POSTED ON Aug 20, 2010 / UPDATED ON Jan 27, 2011

Susan Ibrahim calls herself a "pioneer."

Susan Ibrahim calls herself a "pioneer."


Susan Ibrahim calls herself and her fellow students “pioneers.”  And they are.  Last year the thirty-two eager teenagers were the first class at Children of the Nations’ (COTN’s) senior secondary school at Mallory Jansen Memorial School in Banta Mokelleh, Sierra Leone.  “We are pioneers,” she says, “because we have to start something for others.”
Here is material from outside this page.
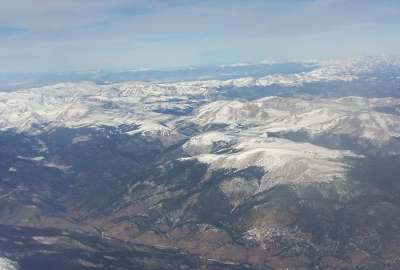 Rocky Mountains on the Way to Denver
With facilities and staff for only pre-school, primary and junior secondary schools (kindergarten through ninth grade), Banta Children’s Village tenth- through twelfth-graders had been sent off to boarding school.  But with such a large class of students ready to attend tenth grade last year, COTN–Sierra Leone Country Director Reverend Angie Myles decided it was time we have our own facility. Without a senior secondary school at COTN, many of the Village Partnership Program and community children ready for that level of schooling would be unable to continue their education. The cost for most families to send them on to boarding school—the closest one being 30 miles away—was just too high.

In an effort to live out COTN’s vision of raising children who transform nations, COTN–Sierra Leone staff worked hard to make the new senior secondary school a reality. Their excitement spread to families in the surrounding villages, and it became a community effort. Funds came from COTN partners, the staff, COTN school students, and people from the community.  Some of the junior secondary school teachers offered to help teach the first year, on top of their other classes, for little pay, to get it started. 
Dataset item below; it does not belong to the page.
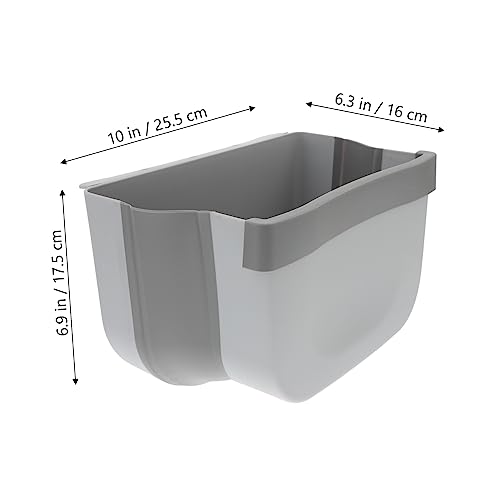 Caneca de basura plegable para colgar color gris claro miniatura 2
Susan and her peers recognize the benefits of attending COTN’s senior secondary school—the only one currently in the entire chiefdom.  “At other schools, they are very expensive even when they don’t have the quality of teachers that we have here,” says Susan.  “We thank God that we can depend on our teachers teaching and we can take an exam to graduate and make it.”

"Making it" as Susan calls it—attending college in the future to become a professional, or even to run a business in their home village—is now a much bigger possibility for children growing up in the Banta Mokelleh chiefdom of Sierra Leone.  COTN’s new senior secondary school will give students whose families can’t afford to send them to a boarding school a chance at breaking the cycle of poverty that comes from lack of education, early marriage, teenage pregnancy, and no income.  “We want to make sure we are seeing change in the community,” Rev. Angie says.

Change is continuing this school year as a new set of tenth graders begins and the eleventh graders keep paving the path.  The school is in need of about seven new teachers to accommodate the incoming students, though they won’t know how many will be attending until the first day of school.  This doesn’t seem to worry Rev. Angie, though.  “I am a woman of faith,” she says, confident that God will provide the needed funds and teachers.

It also doesn’t seem to faze Susan and her fellow students, who are anxious to begin school again this fall.  “We are the first class to start senior secondary school,” she says.  “And anything you start, you have to sacrifice a lot.  We are very happy and proud.  Our name is recorded in the history book of COTN that we are the first children to start senior secondary school with COTN in Sierra Leone.”